Esta é uma história antiga. Em 1651, o filósofo inglês Thomas Hobbes publicou seu livro mais importante, Leviatã. Ele acreditava piamente que o homem já nascia mesquinho e egoísta e que, para que houvesse uma sociedade equilibrada, com respeito mútuo e preocupação com o coletivo, seria necessário haver um monarca – eleito ou não –, capaz de controlar os indivíduos e fazê-los agir dentro de um sistema social equilibrado.

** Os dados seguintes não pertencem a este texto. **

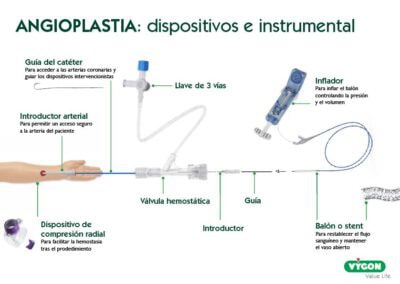 Angioplastia: dispositivos y material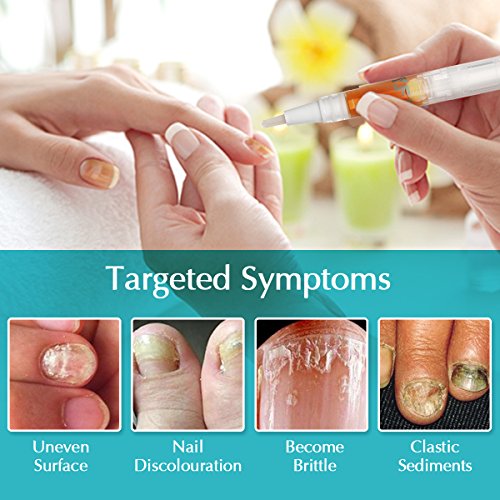 Anti Hongos Luckyfine Bolígrafo para Uñas Tratamiento Hongos Antifúngico Eficaz contra Hongo de Uñas Promueve Rebrote de Uñas Sanas Cuidado de la Reparación Natural y Seguro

Era esse monarca que Hobbes chamava de Leviatã, emprestando o nome de um monstro bíblico, citado no Livro de Jó, capítulo 41, e apresentado como uma criatura maligna que habita a profundeza dos mares. Uma espécie de Moby Dick com cabeça de jacaré, que amedrontou os marinheiros durante séculos. A única salvação contra tal criatura seria os marujos trabalharem como uma equipe de verdade, em que cada um se preocupa com o bem-estar dos outros, pois sabe que depende deles.
Hobbes pensava que, se o ser humano continuasse em seu estado de avareza natural, correria o sério risco de extinção. Frente a isso, era necessário que o povo se aglutinasse e constituísse uma entidade poderosa chamada Estado. O Leviatã representaria, então, o poder do Estado, que ditaria as leis e teria a prerrogativa de punir quem as infringisse. Todos teriam direito à liberdade, mas aos infratores da lei haveria a suspensão desse direito.
Ao contrário de Rousseau, que acreditava que o ser humano nasce bom e a sociedade o corrompe, Hobbes insistia que o homem nasce mau, egoísta, e a sociedade o mantém na linha através do contrato social aprendido (educação) ou imposto (leis).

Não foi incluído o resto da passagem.